In designing a micro layout I find one of the hidden challenges is determining a setting for the layout. Since square footage to develop scenic or similar features can be in short supply it can be hard to inject a signature piece that easily conveys to a viewer just what you are modelling.
I find operations on the western end of the Murray Harbour Subdivision fascinating and I enjoy dreaming up ways to replicate it here at home. Of the whole subdivision, my imagination is most captivated by the westernmost ten miles from Lake Verde Junction to Mount Herbert. Layout design is something I really enjoy and I’ve spent a lot of time daydreaming about ways to distill this ten mile length of track into the four square feet of layout I am contemplating building.
The above is based on a 1958 aerial photograph of Lake Verde Junction. I’ve traced out the track locations in red and added in some notes to help orient the photograph. West of the Junction was Mount Albion, Hazelbrook, and the end of track at Mount Herbert. Eastward to Murray Harbour. North to Maple Hill. At Maple Hill this line connection with the line to Georgetown and both continued west to Mount Stewart and ultimately the rest of Canada. South to Millview and Vernon Bridge. During the potato harvest CN could store empty cars at places like Lake Verde’s storage track for later distribution to nearby public sidings. Lake Verde also hosted a short public siding of it’s own where a local farmer could load cars. All interchange comes from Maple Hill and concentrates here at the Junction.
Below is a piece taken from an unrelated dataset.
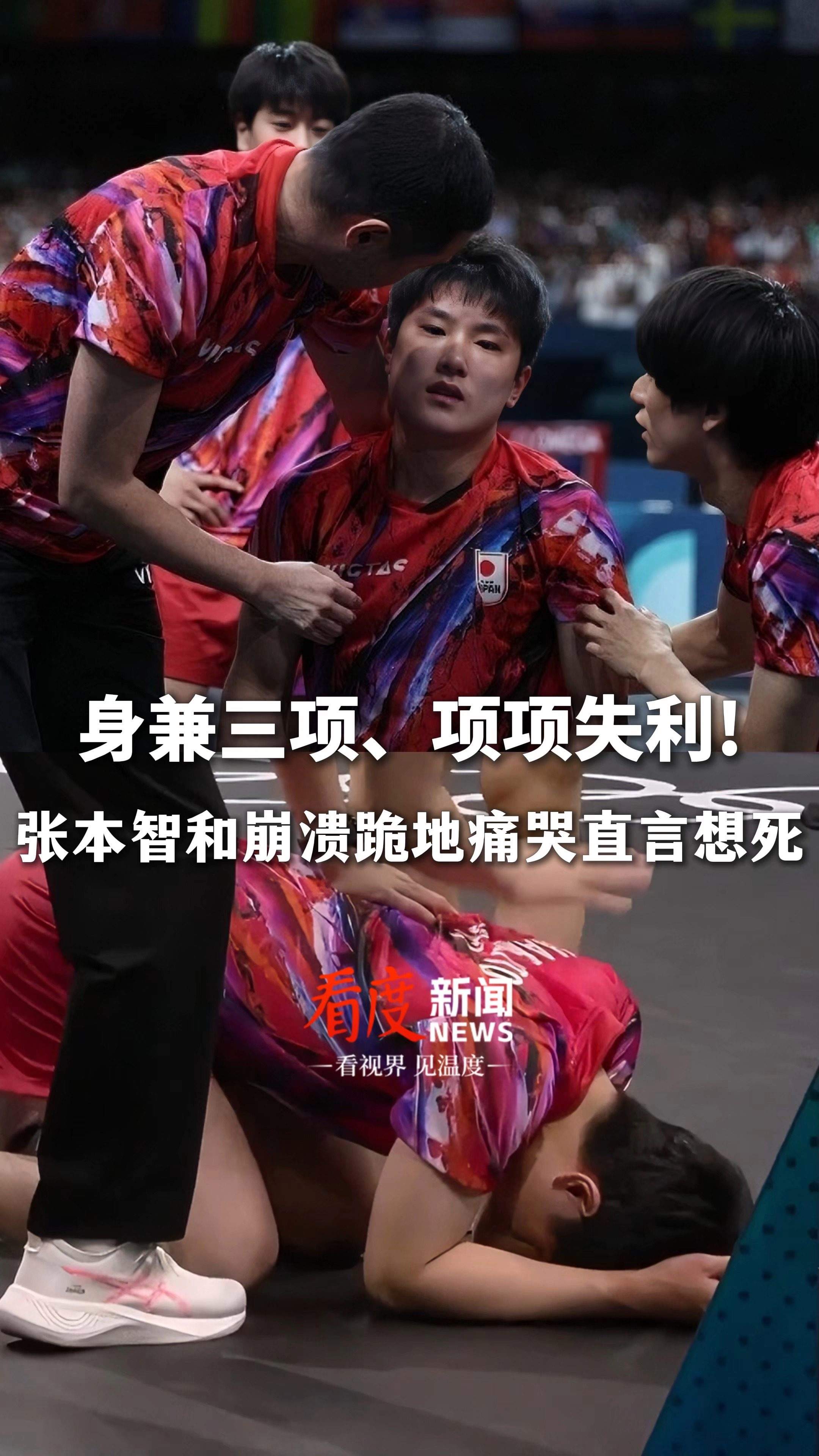 日本队鏖战英格兰队,张本智和高光表现的简单介绍 日本队鏖战英格兰队,张本智和高光表现的简单介绍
I’ve been toying with the idea of segmenting out pieces of the junction that will fit into the space I have. I’ve highlighted two of them in blue on the photograph. I wanted to share two ideas here and both based on the Inglenook design philosophy. Click on the link below to learn more about the Inglenook idea and it’s basic, two turnout, approach to micro layouts:
An operating session starts with a train on the line from Maple Hill to Murray Harbour. Local cars are spotted on the Public Siding. In real life the line continues down the centre line onto the wye to Vernon Bridge or Mount Albion. Since I don’t have room for the wye, let alone enough track to get the other locations into the space I figured I could spot cars “on the main” here that represent loads for these two locations. This centre track might be the most interesting. I might divide it into spots based on the order of towns to the west of the layout’s location. Where cars on the Public Siding are placed “en masse”, cars on the centre track are spotted in order.
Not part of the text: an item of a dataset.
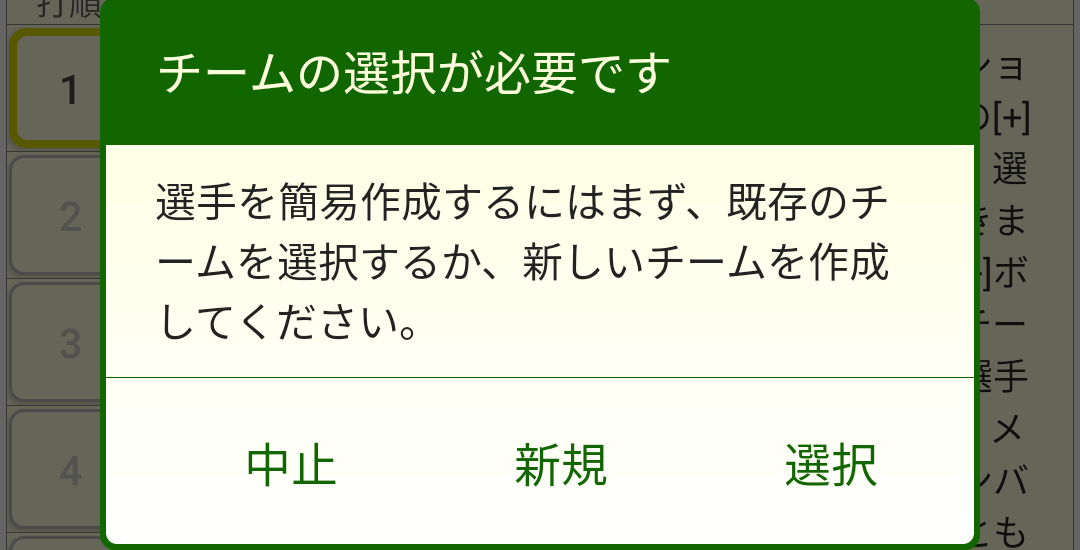 ［チームの選択が必要です］ダイアログボックス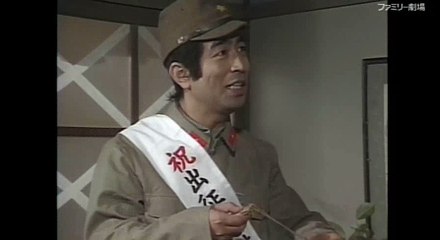 ドリフ大爆笑。召集令状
I like the idea of segments of the junction. In this plan I’m including the Storage Track, the line to Mount Albion and a tiny piece of the wye to Vernon Bridge. I can pull cars from the Storage track to feed the other two sidings representing cars ordered for Mount Albion, Hazelbrook, Mount Stewart on the centre track or Millview and Vernon Bridge on the bottom track. As in Option A, cars on the sidings need to be spotted in “town” locations which adds a little more sorting fun. In many ways this is actually quite close to how the actual Junction operated and that feels neat. Further interest here from the road crossing and demands placed on safely occupying the crossing.
None of this makes the space bigger but it feels like a neat way to focus on how the Junction operated and bringing an piece of that into our home. It feels like replicating a prototype location and moving cars and trains prototypically. Perhaps it’s all in my head and that’s okay too.